Citi Report: Firms Saw Modest Growth in 2013
There is good news for the Am Law 50 and mixed news for the broader industry in the 2013 results. Though the industry's 2013 profits per equity partner (PPEP) growth of 3.5 percent fell short of 2012's 4.3 percent increase, it’s a solid result, given the challenging demand environment we saw last year. Am Law 1–50 firms outperformed other segments in net income and PPEP growth and improved on their 2012 results. Firms with a large international presence outperformed the more U.S.–centric firms, with global firms, in particular, seeing the highest growth in profitability. The better news is that relative to the prior year, demand momentum picked up as 2013 progressed, and given positive economic indicators, we project that 2014 will be a stronger year for the legal industry than 2013.
These results are based on a sample of 180 firms (43 Am Law 50 firms, 37 other Am Law 100 firms, 46 Second Hundred firms and 54 additional firms). Eleven of these firms fit our definition of “global” (greater than 25 percent of lawyers based outside the United States). Nineteen are defined as “international” (less than 25 percent and more than 10 percent of lawyers based outside the United States). Citi Private Bank provides financial services to more than 600 U.S. and U.K. law firms and more than 35,000 individual lawyers. Each quarter, the Law Firm Group confidentially surveys firms in The Am Law 100 and Second Hundred, along with smaller firms. In addition, we conduct a more detailed annual survey and other studies throughout the year. These reports, together with extensive discussions with law firm management conducted on an ongoing basis, provide a comprehensive overview of financial trends in the industry and insight into where it is headed.

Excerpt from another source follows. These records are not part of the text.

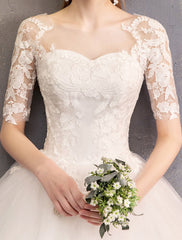 Lace Wedding Dresses Ivory Illusion Half Sleeves Princess Wedding Dress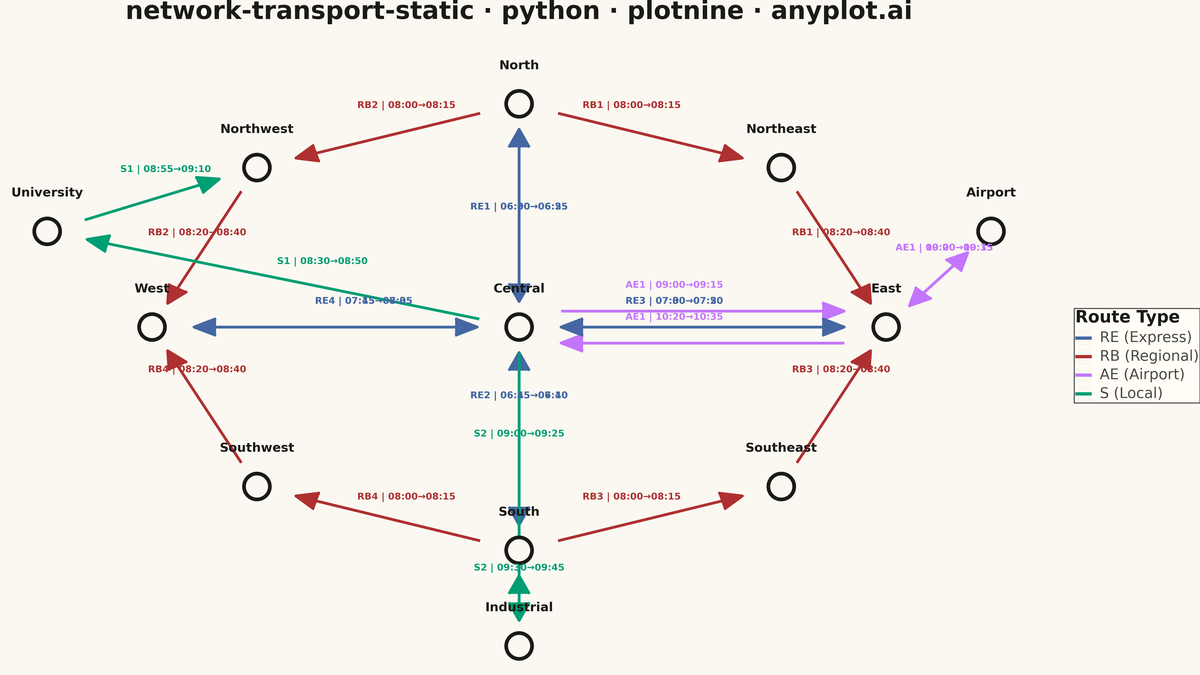Static Transport Network Diagram rendered with plotnine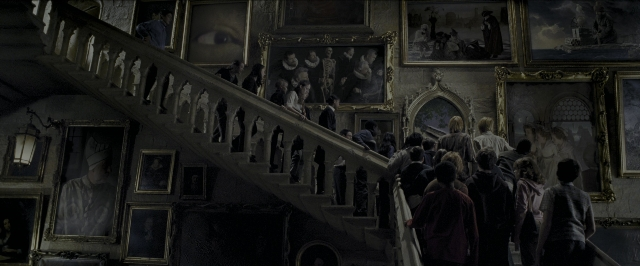 Wide shot frame from Harry Potter and the Prisoner of Azkaban — walking, room, person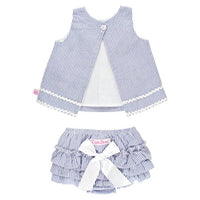 Rufflebutts - Baby Girl Seersucker Ric Rac Swing Top & Bloomer Set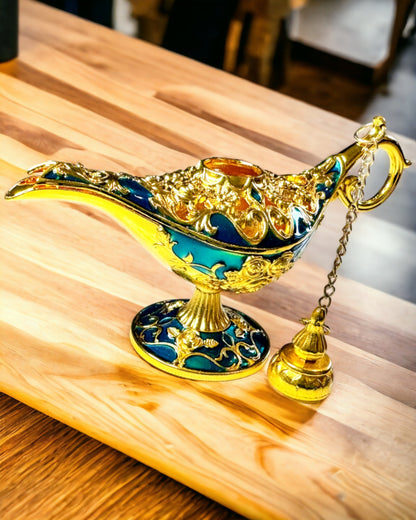 Kleine Handgemaakte Aladdin Lamp - Metalen Artistiek Handwerk voor Huisdecoratie, gegraveerd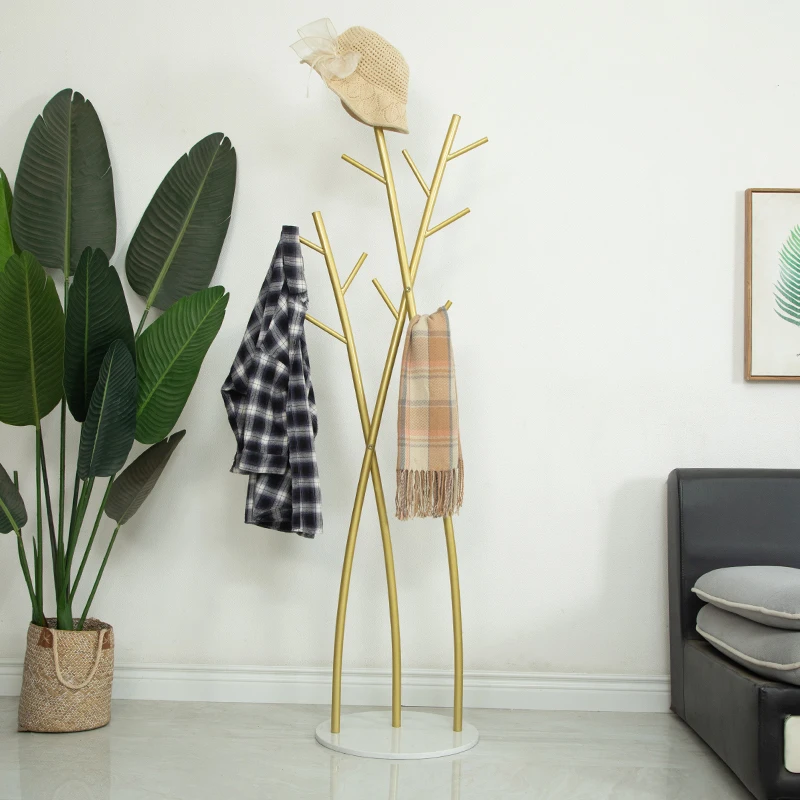 

Golden Floor Standing Coat Rack Metal Multifunctional Clothes Hangers Nordic Entrance Hall Perchero Pared Furniture for Home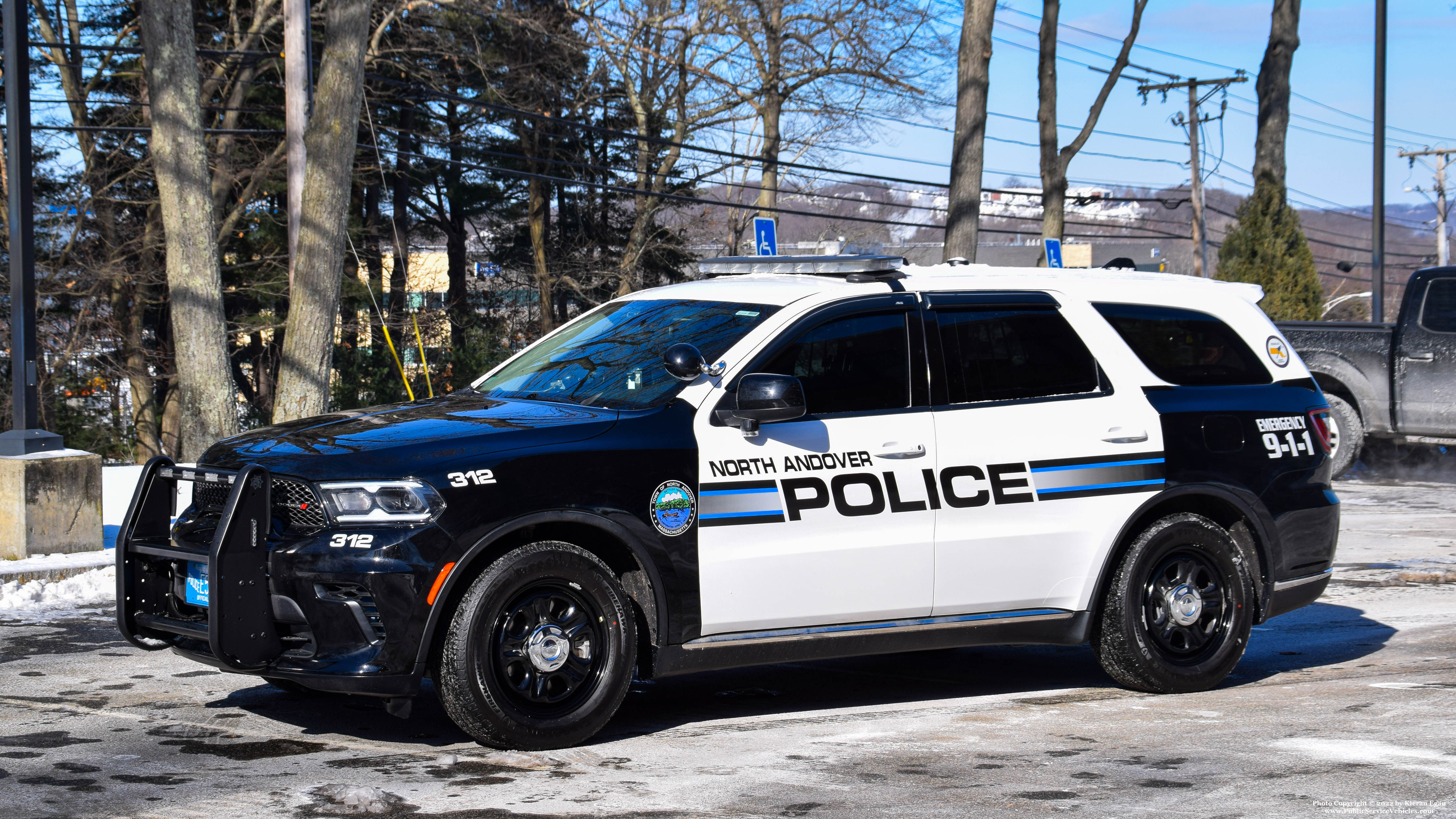 A photo  of North Andover Police
            Cruiser 312, a 2021 Dodge Durango             taken by Kieran Egan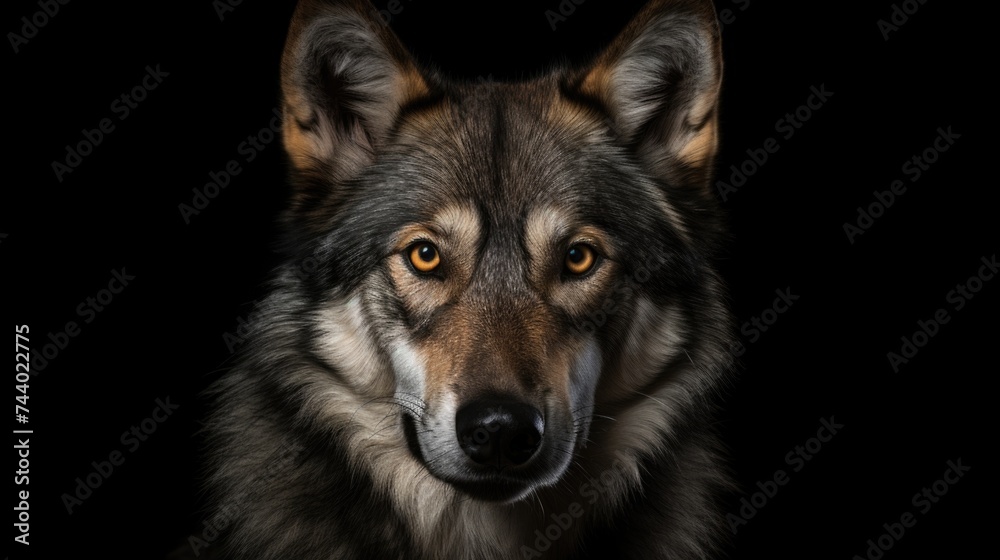 A close-up image of a dog with a black background. Suitable for various design projects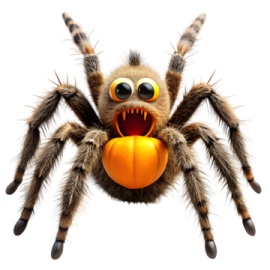 a tara spider with an orange ball in its mouth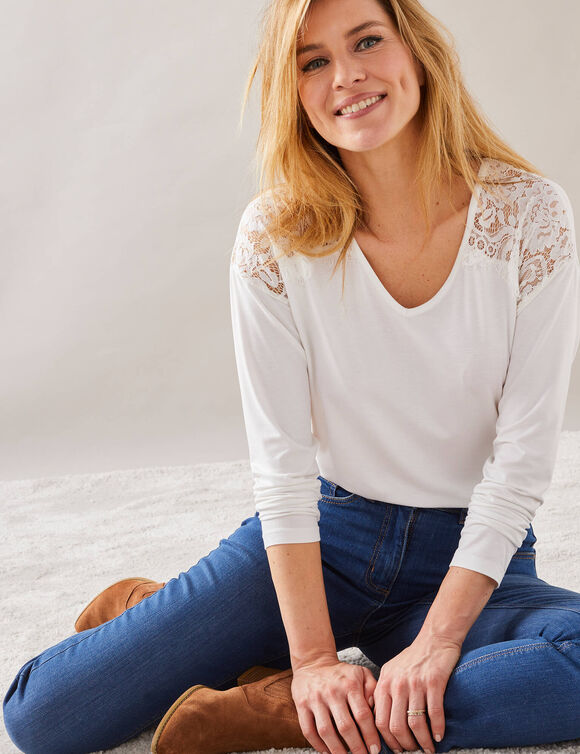 T-shirt col V manches longues dentelle (blanc)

Revenue increased modestly at 2.5 percent, driven mostly by 3.7 percent rate increases. The collection cycle was marginally shorter than in 2012, and demand was down 0.4 percent. This negative demand result masks the positive demand momentum we observed as 2013 progressed. As we wrote earlier in the year, demand was down 3.3 percent during the first quarter, moderating to a decline of 0.7 percent for the first half, and a 0.6 percent decline for the first nine months. Recalling how strong the fourth quarter of 2012 had been, we were concerned that the industry would be challenged to achieve growth during the fourth quarter of 2013 from that strong base. So to see the demand decline actually moderate further from the nine-month cumulative result of -0.6 percent to -0.4 percent for the full year is a good thing.
While revenue growth was modest, the industry benefited from careful management of expenses, with a growth rate of only 2 percent. Operating expenses were up just 1.8 percent, the lowest increase we have seen in three years. Compensation expenses rose just 2.4 percent, partially driven by a 0.4 percent increase in lawyer head count.
That modest growth in lawyer head count, in an environment where demand remained in decline, led to a worsening in the level of excess capacity we have observed in recent years, evident in deeper declines in productivity. It’s this persistent excess capacity that we believe is a key driver of the pricing pressure we hear law firms talk about, and that we see reflected in realization numbers.
Equity partner head count declined 0.3 percent, continuing the trend of careful equity partner head count management we have seen in recent years. Though firms continue to promote star performers into equity partner ranks, we know from our clients that firms have become a lot more focused on managing performance levels of equity partners.
Beyond the industry averages, we noted that firms with a greater international presence outperformed other segments. Global firms in particular saw the highest revenue growth, and were the only segment to see demand and productivity growth (though in absolute productivity levels, global firms continue to trail other segments).
With only a modest increase in expenses, global firms outperformed other segments in growth in net income, PPEP and contribution per lawyer (revenue per lawyer minus expense per lawyer). This segment also ended 2013 with the highest inventory growth of all segments, which should help this segment get off to a fast start in 2014. The more U.S.–centric firms, on the other hand, saw declining demand, deepening excess capacity and declining margins. These results were a reversal of prior years, in which global firms in particular had a tougher time.
Am Law 50 firms materially outperformed other segments. They led all segments in revenue growth and saw the lowest increase in expenses. In fact, they were the only segment to see revenue growth outpace expense growth, driving material net income growth and 5.6 percent PPEP growth. With a marginal decline in demand, revenue growth was due to rate increases and a shortened collection cycle. And as head count increased, Am Law 50 firms continued to see excess capacity worsen, as did other segments. The margin pressure experienced by other segments was most acute for the Am Law Second Hundred, where slightly negative demand and the highest growth in head count led to deeper excess capacity and declines in net income, contribution per lawyer and PPEP.
Looking forward, we believe that the demand environment will continue to improve. However, as we wrote in our recent Citi Hildebrandt Client Advisory, we believe that while the cyclical drivers of law firm demand are improving, we are operating in a more modest demand environment. With new competitors in the legal industry and changed law firm client purchasing behavior, law firms will have to examine their best growth opportunities in light of this changed environment and seek ways to deliver legal services more efficiently, to prosper.